We hypothesize that, similar to the American validation (Amariglio et al., 2012), older age will be related to lower performances on S-FNAME. We will also examine whether other demographic factors are related to S-FNAME performances, and normative data will be provided on these factors as well.

Methods

Subjects

All participants were from the Memory Clinic of Fundació ACE, Institut Català de Neurociències Aplicades (Barcelona, Spain), either referred by their primary care physician or had attended the annual “Open House Initiative” (OHI) for the citizens of Barcelona that is associated with World Alzheimer's Day. From the 381 participants who attended OHI and who subsequently completed neurological and neuropsychological examinations, we only selected those older than 49 years old, who had a Mini Mental State Examination (MMSE) score ≥27, preserved performance on the Neuropsychological Battery of Fundació ACE, and were diagnosed at a consensus meeting as cognitively normal, without psychiatric disease.
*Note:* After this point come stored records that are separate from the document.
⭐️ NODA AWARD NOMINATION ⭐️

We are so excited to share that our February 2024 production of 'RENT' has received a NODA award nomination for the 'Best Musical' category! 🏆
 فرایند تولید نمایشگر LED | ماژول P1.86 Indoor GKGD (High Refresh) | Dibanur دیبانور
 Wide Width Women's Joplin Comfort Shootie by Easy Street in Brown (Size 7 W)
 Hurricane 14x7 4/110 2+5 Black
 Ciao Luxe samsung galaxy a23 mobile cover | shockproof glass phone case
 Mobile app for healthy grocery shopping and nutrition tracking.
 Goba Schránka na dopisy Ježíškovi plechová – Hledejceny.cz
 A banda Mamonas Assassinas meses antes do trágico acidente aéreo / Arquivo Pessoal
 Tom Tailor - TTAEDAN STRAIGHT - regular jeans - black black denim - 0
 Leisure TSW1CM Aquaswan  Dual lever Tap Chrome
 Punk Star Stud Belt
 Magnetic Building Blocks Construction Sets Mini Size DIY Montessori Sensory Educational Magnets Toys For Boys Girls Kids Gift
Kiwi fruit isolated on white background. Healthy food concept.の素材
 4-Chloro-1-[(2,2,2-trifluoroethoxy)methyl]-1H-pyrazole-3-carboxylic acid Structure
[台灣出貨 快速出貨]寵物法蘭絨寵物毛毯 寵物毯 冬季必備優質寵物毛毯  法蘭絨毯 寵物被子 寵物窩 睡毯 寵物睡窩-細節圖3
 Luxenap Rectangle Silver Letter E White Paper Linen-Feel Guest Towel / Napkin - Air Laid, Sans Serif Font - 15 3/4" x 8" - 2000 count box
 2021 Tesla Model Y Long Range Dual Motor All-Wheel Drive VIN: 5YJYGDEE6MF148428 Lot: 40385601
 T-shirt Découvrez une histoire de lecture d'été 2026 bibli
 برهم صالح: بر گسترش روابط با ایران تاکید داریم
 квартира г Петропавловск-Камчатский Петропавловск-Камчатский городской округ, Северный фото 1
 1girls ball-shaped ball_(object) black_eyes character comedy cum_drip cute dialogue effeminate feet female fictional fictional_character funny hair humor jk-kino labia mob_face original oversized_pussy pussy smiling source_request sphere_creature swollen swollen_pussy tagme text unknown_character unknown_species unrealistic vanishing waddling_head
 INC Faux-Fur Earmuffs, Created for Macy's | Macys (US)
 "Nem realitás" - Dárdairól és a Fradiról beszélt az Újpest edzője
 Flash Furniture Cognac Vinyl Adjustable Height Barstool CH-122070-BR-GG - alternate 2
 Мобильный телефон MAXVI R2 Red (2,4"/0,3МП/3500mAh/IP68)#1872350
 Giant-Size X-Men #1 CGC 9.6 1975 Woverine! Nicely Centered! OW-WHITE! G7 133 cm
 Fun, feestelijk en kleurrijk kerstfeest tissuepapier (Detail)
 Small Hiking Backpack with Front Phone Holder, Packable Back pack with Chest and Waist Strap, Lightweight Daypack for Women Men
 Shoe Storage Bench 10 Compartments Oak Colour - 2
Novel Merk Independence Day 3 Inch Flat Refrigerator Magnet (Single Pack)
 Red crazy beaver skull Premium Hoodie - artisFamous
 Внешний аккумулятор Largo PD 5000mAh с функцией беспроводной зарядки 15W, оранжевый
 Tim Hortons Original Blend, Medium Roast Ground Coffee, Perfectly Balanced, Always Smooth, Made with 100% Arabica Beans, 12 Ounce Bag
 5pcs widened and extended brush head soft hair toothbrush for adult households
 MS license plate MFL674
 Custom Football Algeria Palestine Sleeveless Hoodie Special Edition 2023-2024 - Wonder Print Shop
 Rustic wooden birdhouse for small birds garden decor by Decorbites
All subjects were administered an S-FNAME, similar to the FNAME as previously reported (Amariglio et al., 2012). The 110 subjects included in the analysis met the following criteria: they were older than 49 years, literate with at least minimal writing abilities, and were classified as cognitively normal. They had preserved performance on a global cognitive screening test (the Spanish version of the MMSE ≥ 27; Blesa et al., 2001; Folstein, Folstein, & McHugh, 1975); had a normal performance on the neuropsychological battery used in Fundació ACE (NBACE; Alegret et al., 2012, 2013); had a Clinical Dementia Rating Score = 0 (Morris, 1993); had no functional impairment secondary to decline in cognition; were without relevant depressive/anxiety symptoms (score < 11) on the Spanish version of the Hospital Anxiety and Depression (HAD) Scale (De las Cuevas, García-Estrada, & González, 1995; Zigmond & Snaith, 1983); had no other psychiatric illness; and were without severe auditory or visual abnormalities, including glaucoma and cataracts.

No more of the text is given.